Засыпая, я подгребла его к себе — ещё удивилась во сне, почему мой игрушечный заяц вдруг такой тёплый и пахнет вербеной.
«Заяц» уютно сопел мне в шею и не сопротивлялся.
* * *Утром, когда я принимала ванну, он взялся прислуживать. Я никому не позволяла мне помогать во время водных процедур. Это, оказывается, удивительная уязвимость — когда ты обнажена и заперта в объятьях воды с лепестками роз и маслом фиалки. После обряда мне было мерзко от одной мысли, что кто-то увидит меня раздетой, беззащитной — снова. И на мальчишку, уже одетого и даже умытого — когда успел-то, я вставала, он ещё дрых! — тоже сначала смотрела волком. И засмотрелась — он ловко управлялся с флакончиками-притираниями, а потом ненавязчиво сидел на коленях в углу, пока я отмокала.
Так что прогонять его не стала. Зачем — всё равно его присутствие не ощущалось, пока я волосы мыть не принялась. Вот тут взгляд будто плетью ожёг.
Он наверняка думал, что не вижу, и, когда я неожиданно обернулась и откинула мокрые волосы, не успел отвернуться.
Я подхватила его взгляд, не отпуская, заставляя смотреть, и медленно встала. Ванны хватило, чтобы закрыть меня до бёдер — я это знала, и меня трясло от страха и злости. Но вместо ругани, я только угрожающе просипела:
— Ну как я тебе? Нравлюсь?
Он мягко перетёк с коленей на ноги, выпрямился и, подойдя — не отводя взгляда, — подал мне полотенце.
— Да госпожа.

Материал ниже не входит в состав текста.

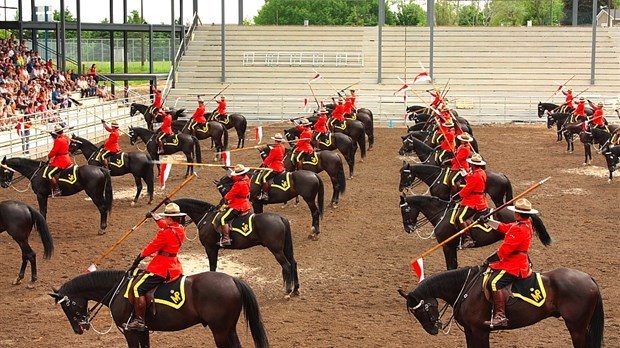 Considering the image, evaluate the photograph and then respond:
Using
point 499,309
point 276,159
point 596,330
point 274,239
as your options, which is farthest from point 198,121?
point 596,330

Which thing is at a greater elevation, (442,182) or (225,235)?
(442,182)

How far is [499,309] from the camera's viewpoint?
393 inches

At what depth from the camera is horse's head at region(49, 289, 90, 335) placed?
Answer: 34.4ft

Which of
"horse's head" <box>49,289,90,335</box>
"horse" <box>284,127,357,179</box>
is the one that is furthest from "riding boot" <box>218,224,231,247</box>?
"horse" <box>284,127,357,179</box>

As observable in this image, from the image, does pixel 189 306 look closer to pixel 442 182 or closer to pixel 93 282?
pixel 93 282

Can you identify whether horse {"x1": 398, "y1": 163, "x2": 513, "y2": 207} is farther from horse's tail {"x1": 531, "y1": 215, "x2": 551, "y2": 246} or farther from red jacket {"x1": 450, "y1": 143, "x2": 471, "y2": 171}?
horse's tail {"x1": 531, "y1": 215, "x2": 551, "y2": 246}

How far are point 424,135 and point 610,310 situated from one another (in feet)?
44.6

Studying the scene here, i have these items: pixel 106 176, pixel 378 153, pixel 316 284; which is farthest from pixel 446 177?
pixel 378 153

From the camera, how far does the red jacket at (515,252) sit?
10.1 m

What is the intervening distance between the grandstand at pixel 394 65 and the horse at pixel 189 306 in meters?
30.0

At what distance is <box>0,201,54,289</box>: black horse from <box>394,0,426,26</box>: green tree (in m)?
49.4

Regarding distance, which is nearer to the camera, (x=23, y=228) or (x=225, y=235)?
(x=225, y=235)

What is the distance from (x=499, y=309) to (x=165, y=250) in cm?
401

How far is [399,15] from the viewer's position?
65750mm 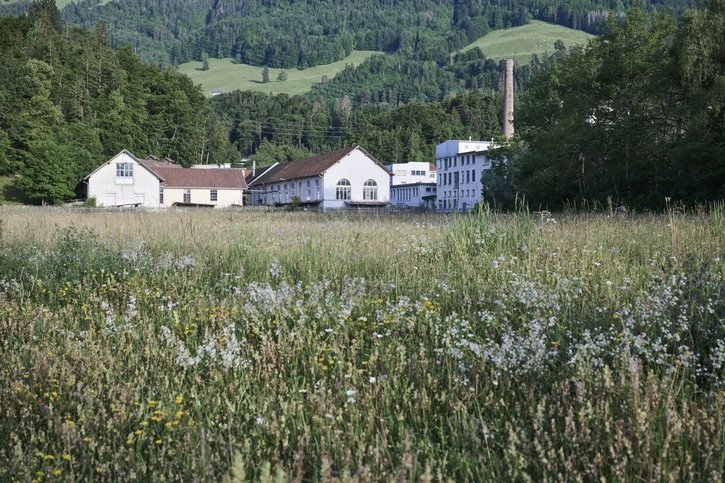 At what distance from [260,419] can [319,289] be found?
3.27 meters

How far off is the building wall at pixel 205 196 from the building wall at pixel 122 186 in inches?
187

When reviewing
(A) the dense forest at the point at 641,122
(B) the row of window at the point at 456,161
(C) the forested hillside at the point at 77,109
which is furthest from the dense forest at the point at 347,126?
(A) the dense forest at the point at 641,122

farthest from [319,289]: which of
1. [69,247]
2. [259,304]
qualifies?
[69,247]

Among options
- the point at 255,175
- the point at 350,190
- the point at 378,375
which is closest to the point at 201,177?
the point at 350,190

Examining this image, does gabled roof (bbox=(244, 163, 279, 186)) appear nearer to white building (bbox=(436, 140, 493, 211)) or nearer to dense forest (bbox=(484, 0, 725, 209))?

Но вы мы замёрзнете. Позвольте мне…
Я ошеломлённо дала себя завернуть, и только потом, придя в себя, обиженно вздохнула:
— Угу. Очень тонкий намёк на то, что мне лучше никому себя не показывать.
Ловкие руки замерли на моих бёдрах, послав волну жара к лобку.
Он поднял голову, снова встречаясь со мной взглядом.
— Моя госпожа прекрасна.
Я застонала. Ну уж лгать-то мог бы и искусней!
— Всем хозяйкам так говорил?
Он опустил взгляд, укрытые полотенцем руки снова заскользили по моему телу.
— Не каждая была прекрасна.
Я хрипло выдохнула и, подчиняясь желанию, подалась назад — он перешёл с полотенцем мне за спину — и нашла губами его губы.
Де-э-э-эмоны! Меня пронзило в оргазме от одного лишь поцелуя. Я задыхалась и всё равно не могла оторваться.
Вот оно, оказывается — небо в алмазах!